=== Problem details ===
Each line below should be repeated exactly, but no picture should be carried over.

=== Dataset content ===
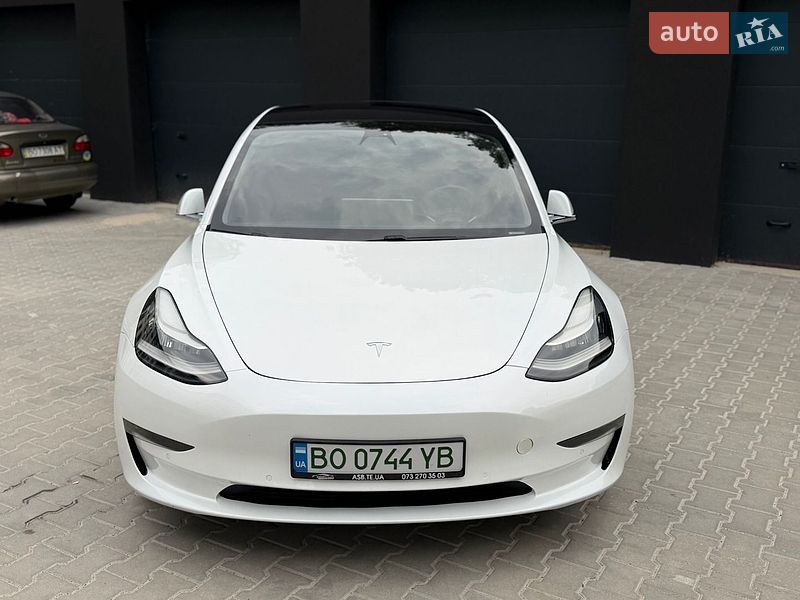 Седан Tesla Model 3 2018 в Тернополі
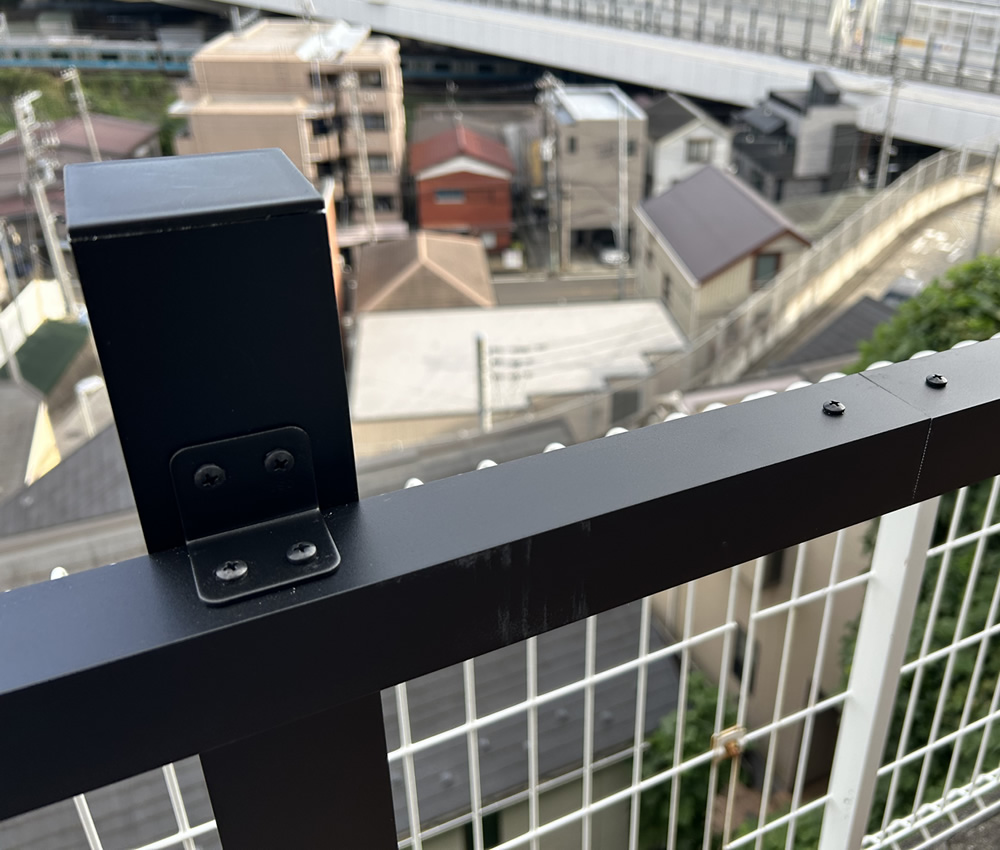 ���V�̌Œ�ɂ͂k�^������g�p���āA�㉺�Ƀr�X���߂��Ă����܂�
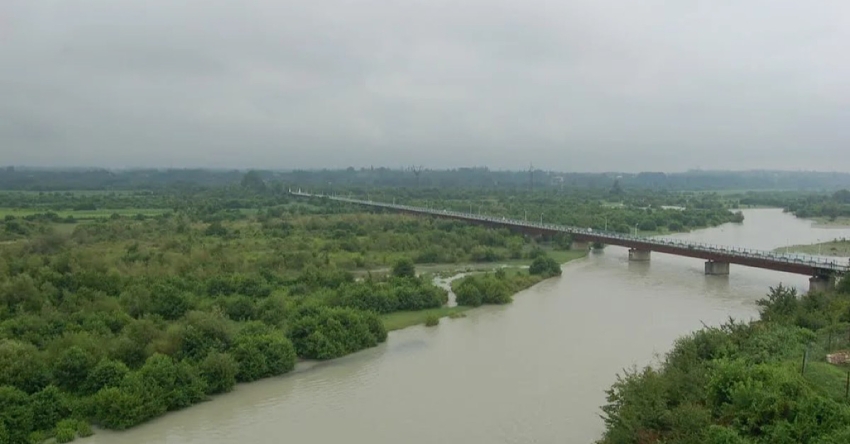 Аберқыҭ  (анкьа. Папынрхәа) ацҳа ҿыц хырҵоит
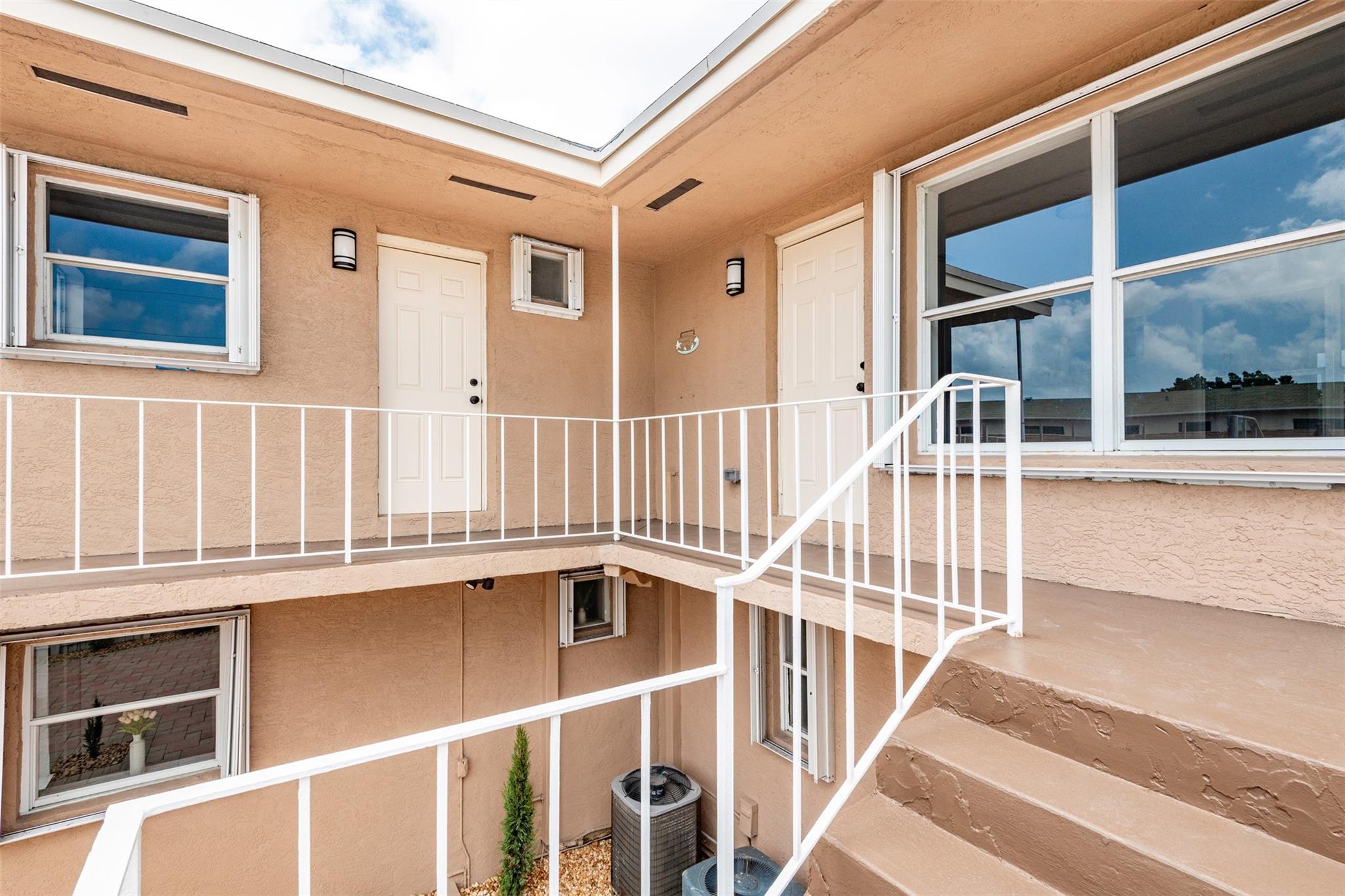 LAUDERDALE - Residential Income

=== Result of this task ===
 Седан Tesla Model 3 2018 в Тернополі
 ���V�̌Œ�ɂ͂k�^������g�p���āA�㉺�Ƀr�X���߂��Ă����܂�
 Аберқыҭ  (анкьа. Папынрхәа) ацҳа ҿыц хырҵоит
 LAUDERDALE - Residential Income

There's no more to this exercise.